Write out the material below again, line for line, without any images.
--- START ---
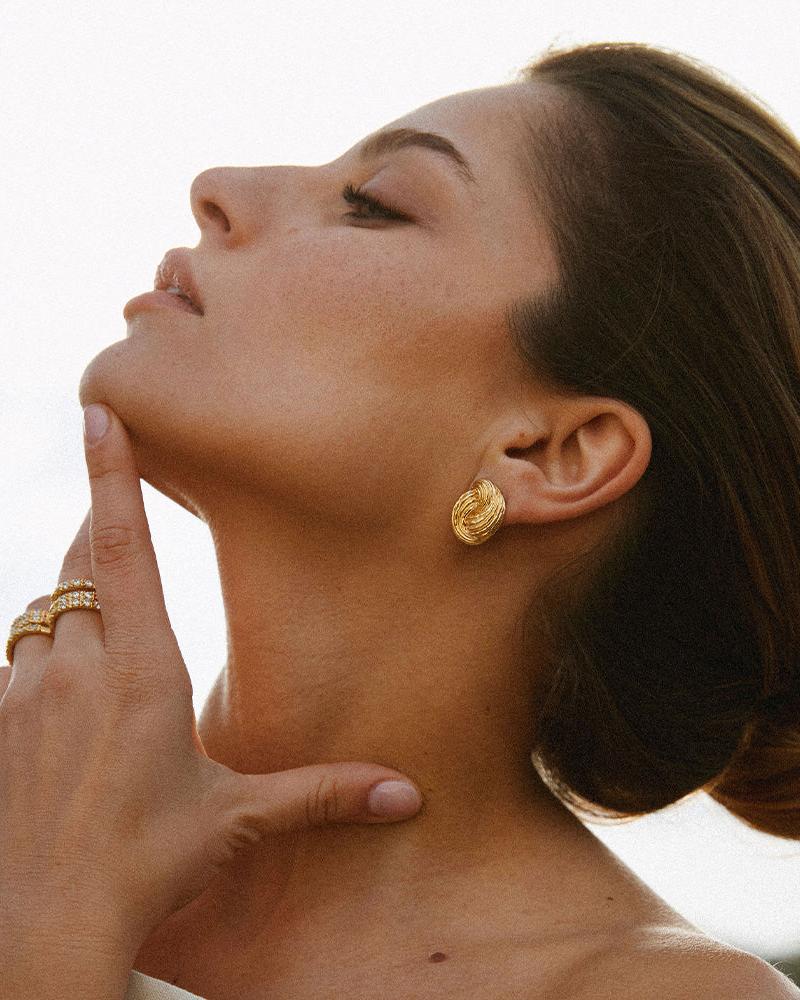 Gold Claudia chunky twist knot earrings with a ridged, domed, wave-like design on a model.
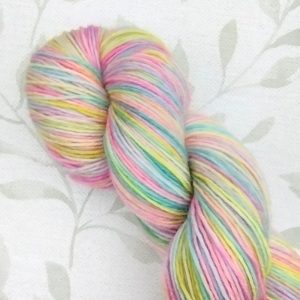 hand dyed 4ply 100g yarn in rainbow pastel shades called Rainbow Dreams.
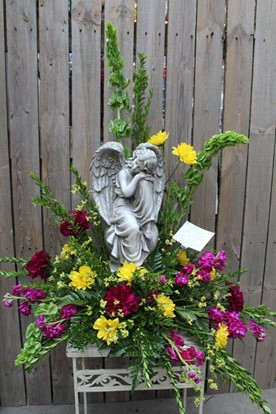 Floral arrangement with an angel statue and bright yellow, magenta, and red flowers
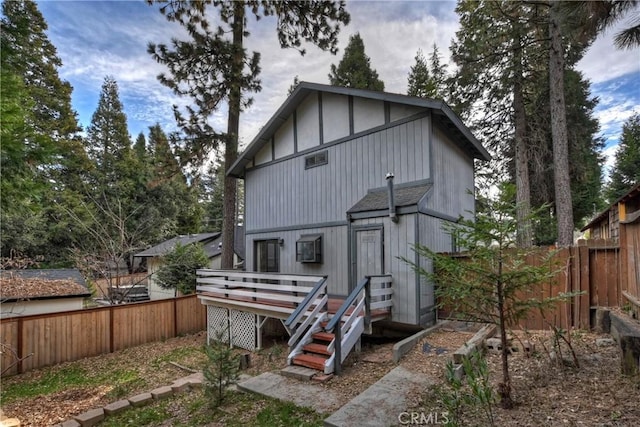 rear view of house with a deck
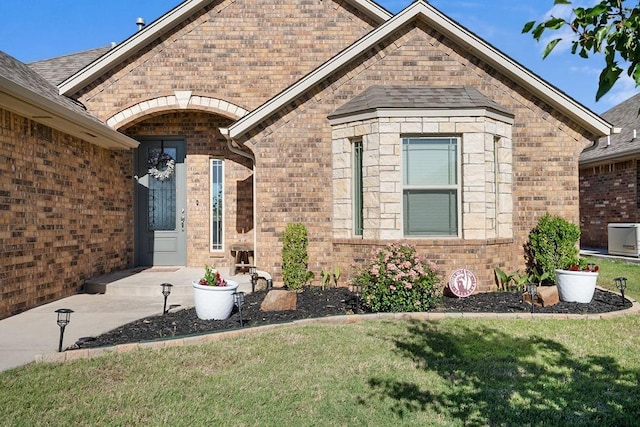 3409 Ontario Cir, Oklahoma City, OK 73160 - view of exterior entry with a yard and brick siding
--- END ---
ANSWER SPACE –
 Gold Claudia chunky twist knot earrings with a ridged, domed, wave-like design on a model.
 hand dyed 4ply 100g yarn in rainbow pastel shades called Rainbow Dreams.
 Floral arrangement with an angel statue and bright yellow, magenta, and red flowers
 rear view of house with a deck
 3409 Ontario Cir, Oklahoma City, OK 73160 - view of exterior entry with a yard and brick siding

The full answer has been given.